Through the Looking Glass
When I was six years old, I MC’d my elementary school’s production of “Alice in Wonderland.” Memory does not serve if I was afforded that lofty position because I could neither sing nor act, but if the current state of affairs is any marker, both of those analyses would ultimately be proven correct. In any event, and with apologies to Johnny Depp, Tim Burton, and, of course, Lewis Carroll, I don’t think any of them could have imagined the upside down world in which we are currently living.
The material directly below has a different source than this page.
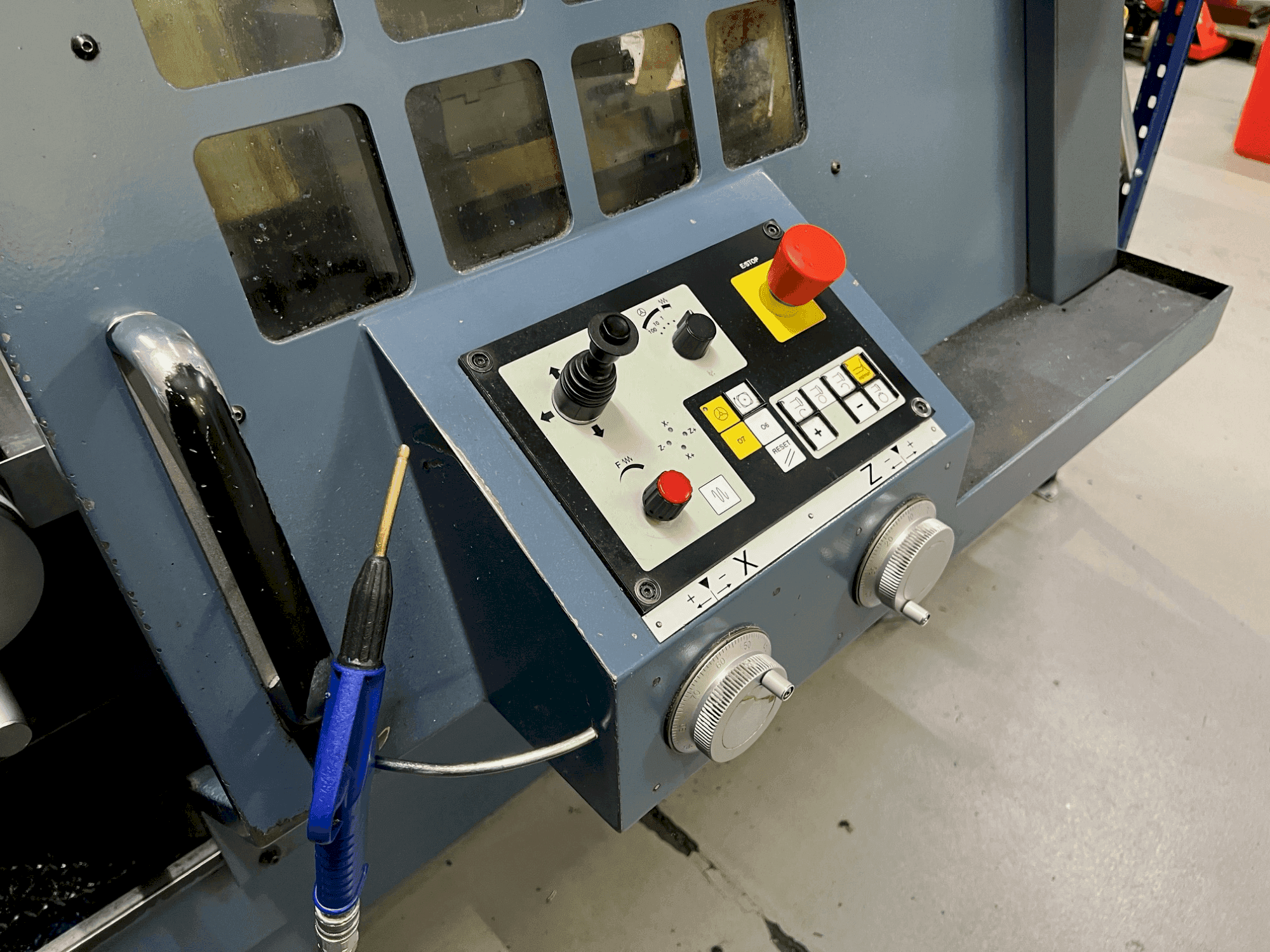 Čelní pohled na PADOVANI E255/1500 stroj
To wit, for some reason, having the ability to speak on the floor of the U.S. House of Representatives and consistently having conservative voices be the top ten most engaged posts on Facebook means Big Tech is shutting you down and your First Amendment rights are being thwarted. For reasons that I cannot fully appreciate, wanting the free market (not the government) make decisions means that the government should compel private companies like Twitter and the aforementioned Facebook to allow individuals to say what they want, when they want, to whomever they want. Even with a law school degree, I don’t truly understand how strict constructionists believe that the Constitution applies to non-state actors, but I guess I am just not fully enlightened.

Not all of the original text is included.